Commented this elsewhere as an Aussie. It makes a quick buck for some NZ business person but it kills your reputation. Great country. Should be great products. I would buy 100% made in NZ above anything but local. It's crazy not to promote local content when you have such a strong national brand.
If a frozen pizza gets a B that means compared to OTHER frozen pizzas it has a higher nutritional value.
It compares similar products for nutritional value, not the overall "healthiness" of all products compared with each other.
So you can compare a salami pizza with a veggie pizza or a cereal bar with cereals, but not a strawberry yogurt with a chocolate bar, because those are not within the same product group.

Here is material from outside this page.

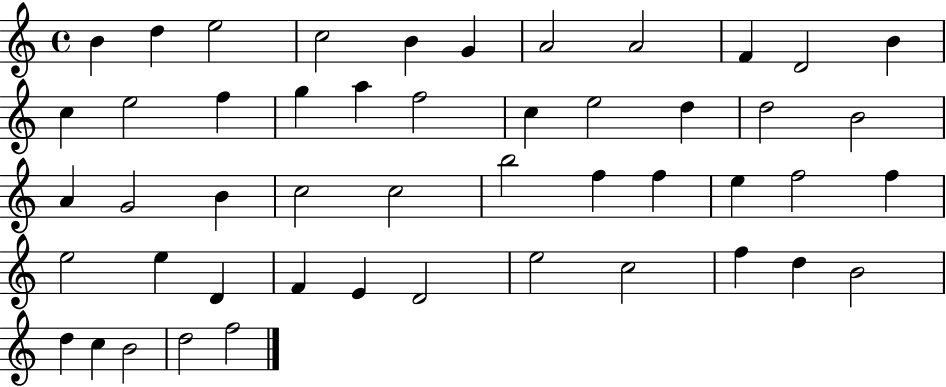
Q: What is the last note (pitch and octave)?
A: F5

It's true but at the same time the fact that so many people get that system wrong makes me think maybe it's not that well thought through. These things need to be intuitive.
That's legit the first time I hear it, and I searched nutriscore on the internet when I first saw these odd labels, and read some article about it, so likely more research than most people.

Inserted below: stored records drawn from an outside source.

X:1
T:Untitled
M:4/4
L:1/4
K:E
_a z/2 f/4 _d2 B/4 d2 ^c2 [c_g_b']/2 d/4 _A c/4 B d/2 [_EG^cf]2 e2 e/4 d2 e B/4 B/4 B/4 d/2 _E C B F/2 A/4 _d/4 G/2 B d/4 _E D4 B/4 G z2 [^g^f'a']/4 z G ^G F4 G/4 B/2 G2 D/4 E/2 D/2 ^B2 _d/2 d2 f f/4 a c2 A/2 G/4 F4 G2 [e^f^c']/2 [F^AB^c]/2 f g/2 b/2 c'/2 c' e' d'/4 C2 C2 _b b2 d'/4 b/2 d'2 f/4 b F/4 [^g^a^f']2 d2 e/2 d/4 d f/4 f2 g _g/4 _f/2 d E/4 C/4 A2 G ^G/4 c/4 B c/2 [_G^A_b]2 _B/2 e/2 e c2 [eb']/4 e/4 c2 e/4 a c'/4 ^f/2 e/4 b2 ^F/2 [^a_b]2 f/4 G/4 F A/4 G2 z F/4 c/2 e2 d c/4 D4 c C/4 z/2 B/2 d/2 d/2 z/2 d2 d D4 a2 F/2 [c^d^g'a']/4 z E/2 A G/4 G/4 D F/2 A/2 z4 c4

Do you have a source for this, because my understanding of the Wikipedia page is that you're not correct, but I'm also aware of my ignorance in this topic.
I would love something like this. I would however want it to somehow also portray the nationality of the owner.
The product may be 100% grown and produced in the EU, but be 100% american owned. Maybe I'd rather the product be 90% EU produced, if I could also be sure it's 100% EU owned.
I love our labelling so much in Australia. Nutrition and origin. The only crap one is health star which is misleading. I occasionally buy NZ products and think we should be closer to an economic union like the EU but their labelling is much worse and I worry that they repackage products of different origin which hurts their reputation for the sake of some quick profits.